New stuff learned? I can write papers?

Hours? 32

Creativity Musings - Sorry this is going to be disjointed...

In creative writing, I do best with a slight constraint - a small word count and a one word prompt to get the juices flowing is enough to send me off to the computer. By the same token, however, too large a word count leads to garbage when going off a single prompt. When working on my novel, however, I am only limited by what I can imagine and I am only confined by the setting and characters already established...so one could say that I am always constrained...it's a question of external or internal constraints.

When designing a game (not a G2L game), I go for what I think is fun and entertaining. Some of them have been complete and unabashed rip offs of other games, others have fallen well short of the fun marker, and some are more fun than they should be, considering.
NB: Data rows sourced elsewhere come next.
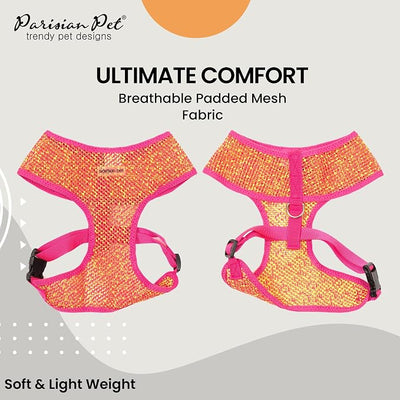 Parisian Pet Girl Dog Harness - Breathable Mesh Pink Yellow No Pull Puppy Harness with Leash Ring - Adjustable Harnesses for Dogs - Soft Step-in Pet Vest - Lightweight Dog Vests for Small Sized Dogs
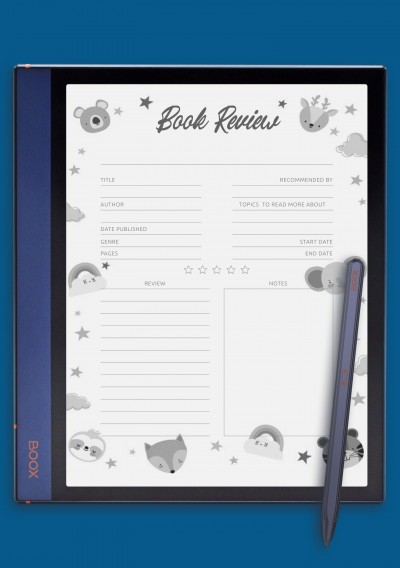 Forest Animals Book Review Template For Kids for BOOX Note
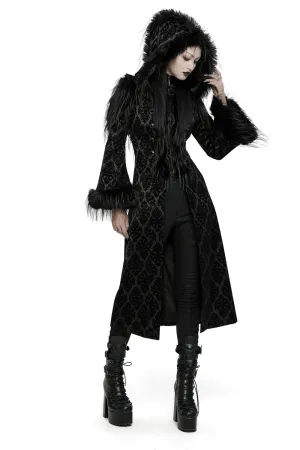 Gothic Hooded Jacquard Coat with Faux Fur Trim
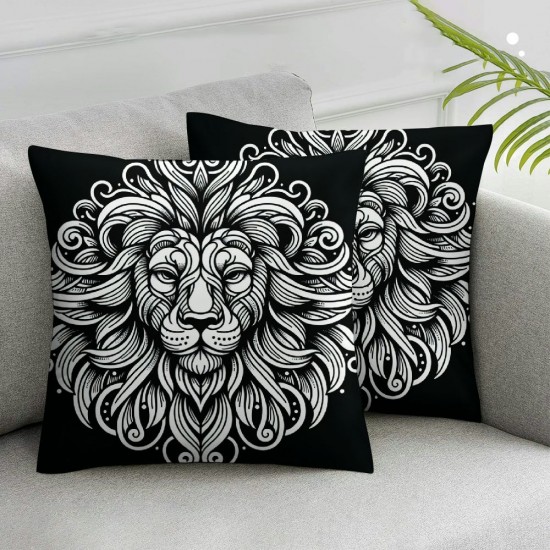 Ulloord Throw Pillow Covers,White Line Cartoon King Animals Decorative Pillow Covers Digital Printing Blended Fabric for Couch Sofa Bed Invisible Zipper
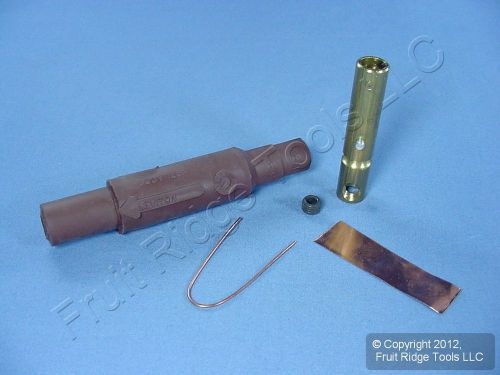 Leviton brown ect 15 series detachable female cam plug 600v set screw 15d22-h1 for sale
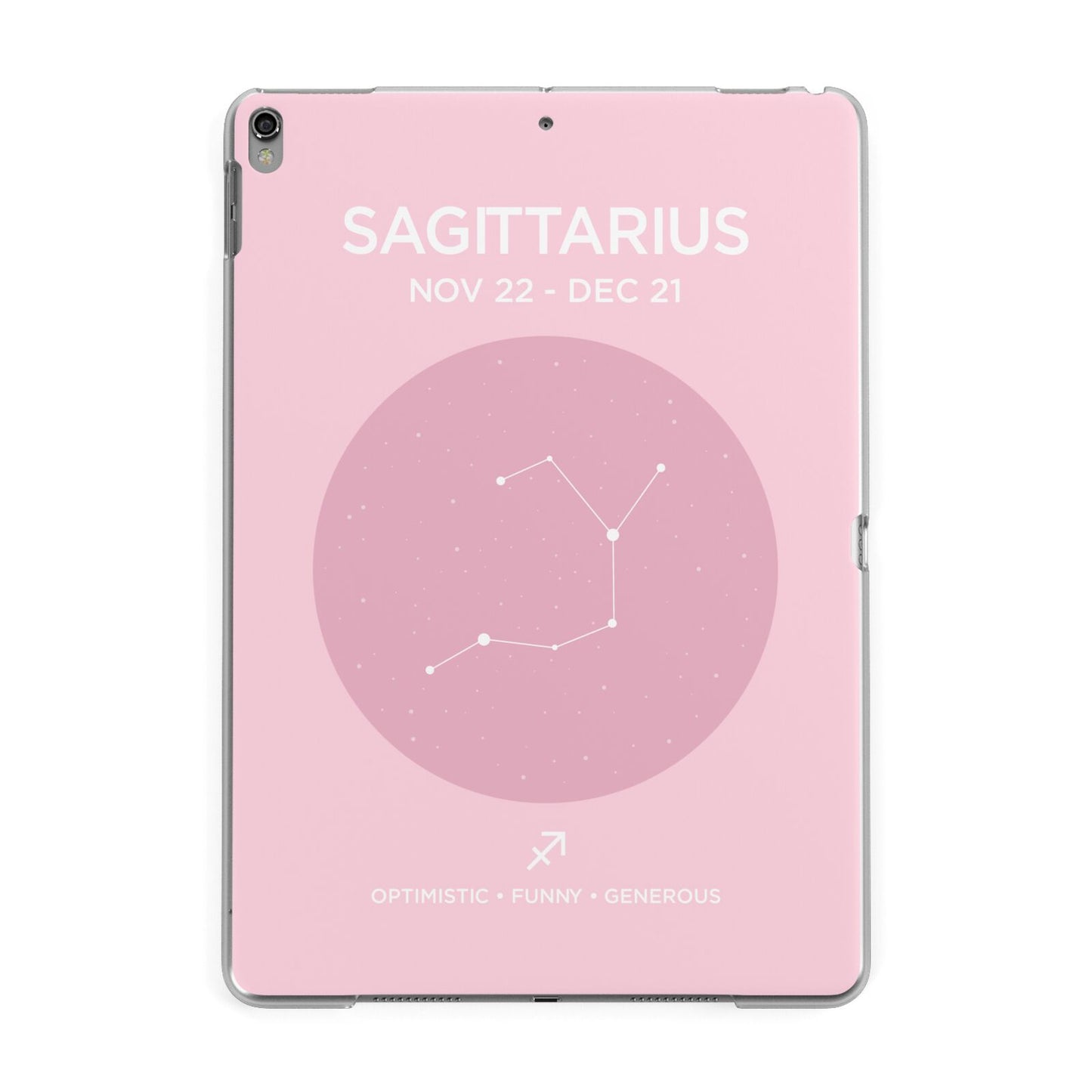 Personalised Pink Constellation Zodiac Sign Apple iPad Grey Case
More to the point, however, designing a game is supposed to be fun, not work.

When designing a G2L game, half the time I feel stiffled by being crammed into such a small area with so many issues to think about that I cant get anything done at all. The other half, I am super creative. The problem with that is that the super creativity tends to sneak into code and we all know that creative code is no substitute for a good design.

As far as the classroom goes, you want creativity, you take the English courses...and not many of them are creative. The teachers get highhanded with constraints and the students, half of whom are taking it for an easy A, are lifeless, regurgitating the same trite styles that they think is the surest path to an A. The screenwriting course, on the other hand, we were given free rein on everything but the format...that was brilliant. It also emphasized 'show' not 'tell' which, as a game designer, is going to come in super handy someday.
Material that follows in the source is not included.